Hamza Mısır'a geleli 2 hafta olmuştu. Ancak o mekanik sesle cevap veren telefon görüşmeleri hariç hiç bir konuşma olmamıştı. En son görüşmede hamzaya ya da nam-ı diğer Ulu Hamtaro'ya biz her yerdeyiz. Bizi kendi içinde bulacaksın demişti. Aslında Hamza kızıyordu da. Ama haklıydı; o kadar yoğun bir sınav döneminden sonra adam akıllı bir tatil yapayım derken deli bozması işlerle uğraşıyordu...

Tur rehberi Hamza'yı bugün piramitlere götüreceğini söyledi. Giza, Keops ve diğer piramitleri dünya gözüyle görecekti. Bu yoğun karamsarlık düşünceleri içinde aldığı en güzel haberdi bu.

Sabah erkenden kalktı ve hazırlandı Hamza. Tur için rehberi bekliyordu otelin lobisinde. Heyecanı yüzünden belli oluyordu. İçinde çok karışık duygular vardı. Bir zamanlar rüyalarında dahi göremediği yapıların yanında olacak hatta izinler dahilinde içine bile girecekti.

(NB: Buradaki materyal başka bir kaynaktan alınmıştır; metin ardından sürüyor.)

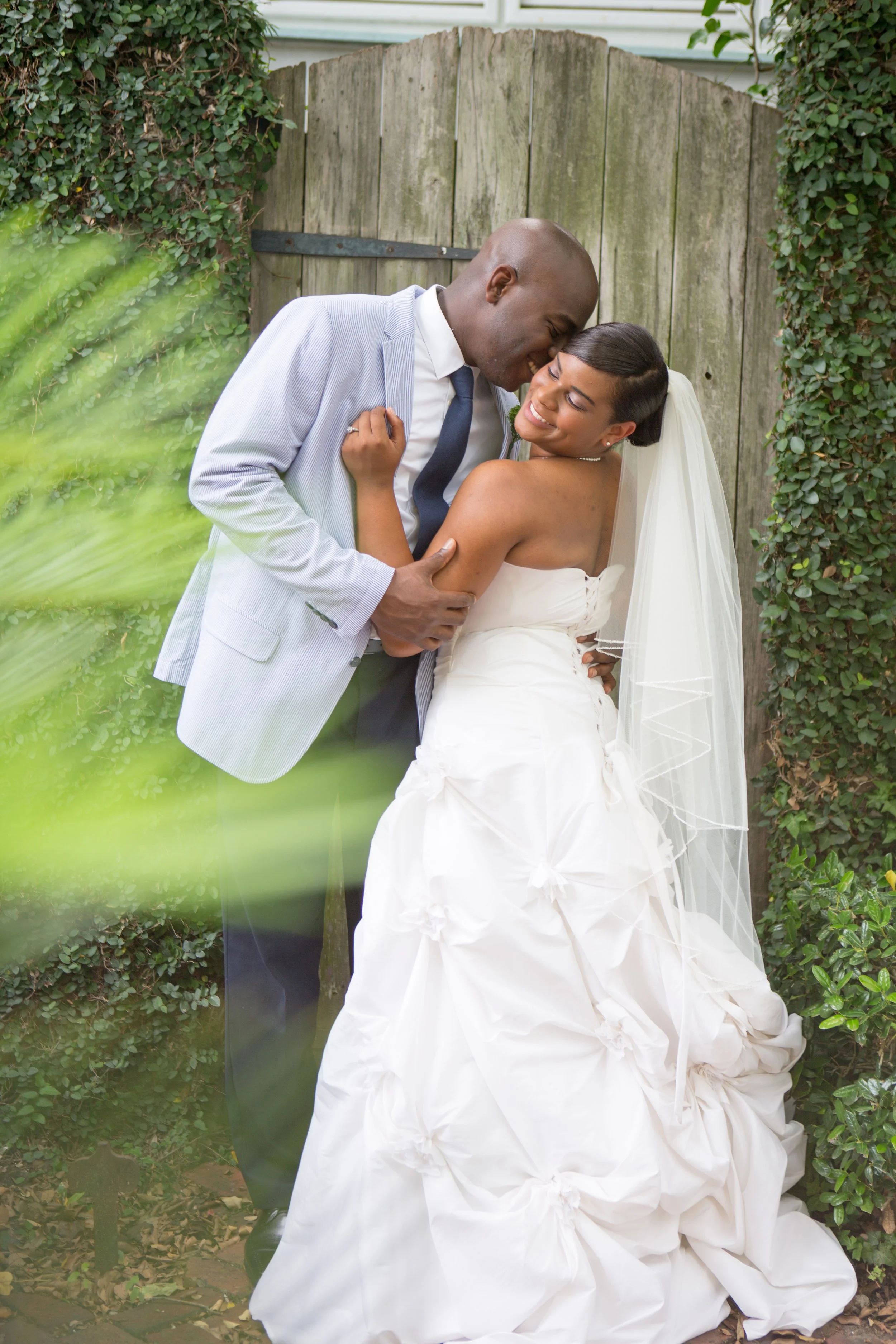 A bride and groom sharing a joyful, intimate moment outdoors in front of a wooden fence, surrounded by greenery.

Tur rehberi ile yolculuktan sonra piramit alanına varmışlardı. Tur rehberi onu bazı alanlarda inceleme için yalnız bırakıyordu. Mısır Hiyeroglifleri içinde hep insanlar köpekler kediler ve farelerle birlikte resmedilmişti. Amcası o dilin çok ağır olduğunu ama Hamza'nın bu dili doğuştan bildiği için rahatlıkla okuyabileceğini söylemişti. Bu lafa pek inanmıyordu Hamza. Ama hiyerogliflerin ne demek istediğini anlayınca gerçeği ve kendi gücünü farketti.